Well, they’re not happening “far too often.” The majority of derailments are minor, occurring at low speeds in yards. Nearly 100% of rail-transported hazmat reaches its destination without incident. I suppose none of this is newsworthy …
And by the way, rail doesn’t move (well, it’s not supposed to). Trains move. But enough nitpicky editing.
To create this somewhat pointless piece of pointillism, NLC used Federal Railroad Administration data supplemented by data from ESRI, the U.S. Census Bureau, Congress, the Bureau of Transportation Statistics, EPA, HERE Technologies, Garmin, NOAA and USGS. The data sources are all good, but again, the result is deeply flawed and highly misleading.
I as well as a trusted industry colleague took a “deep dive” into this railroad version of Connect the Dots. It wasn’t easy. Try it out.
Here’s one problem: The map includes Amtrak accidents in addition to freight. The green bomb blasts … er, bubbles, represent derailments with injuries. The larger the size, the greater the number of injuries. When you click on the larger bubbles, it’s clear that a significant share of these larger-injury incidents are Amtrak accidents, such as the big Pennsylvania bubble that represents the 2015 Amtrak Northeast Corridor overspeed wreck that resulted in 8 fatalities and 241 injuries. Amtrak’s 2017 Dupont, Wash. accident is another big green bubble. Both these accidents were PTC-preventable. Since PTC is now in place, using these accidents to call for passage of the Rail Safety Act (an unnecessary piece of legislation) is disingenuous and misleading, since those types of accidents have been addressed.
“Safety conditions today on the railroad network are not what they were 10 years ago,” my colleague accurately points out. “We’ve got PTC, risk reduction programs, greater use of ATI (automated track inspection), improved AskRail access, etc. Putting 10 years’ worth of derailments on one map vs. showing the trend line over the same period makes something from 10 years ago seem just as likely to happen today as it would have in 2012. That’s simply not the case.”

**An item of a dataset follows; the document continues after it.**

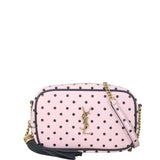 Saint Laurent Lou Mini Camera Bag Polka Dot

Here’s the Class I main line accident rate trend that is a far better representation of the industry’s safety record. It shows that 2022 had one of the lowest rates ever for such accidents:
I do not understand why the National League of Cities, which works closely with the industry (through the Association of American Railroads) on first-responder/community planning outreach programs, would produce this thing in the first place. What can they be thinking? Politics over substance? Over facts? Over accuracy? It doesn’t serve any real purpose.
So, can we say that the NLC is blowing smoke as well as bubbles?
Any politicians interested in holding hearings on highway accidents and fatalities? I’m told they occur in far greater numbers. According to the National Safety Council, a nonprofit organization founded in 1913 and chartered by the United States Congress in 1953, “In 2021, 5,700 large trucks were involved in a fatal crash, an 18% increase from 2020 and a 49% increase in the past 10 years.
“The involvement rate per 100 million large-truck miles traveled is up 7% from 2020, and up 22% in the last 10 years. Large trucks are defined as any medium or heavy truck, not including buses and motor homes, with a gross vehicle weight rating greater than 10,000 pounds. Both commercial and non-commercial vehicles are included. Large trucks accounted for 9% of all vehicles involved in fatal crashes, 5% of all registered vehicles, and 10% of total vehicle miles traveled.”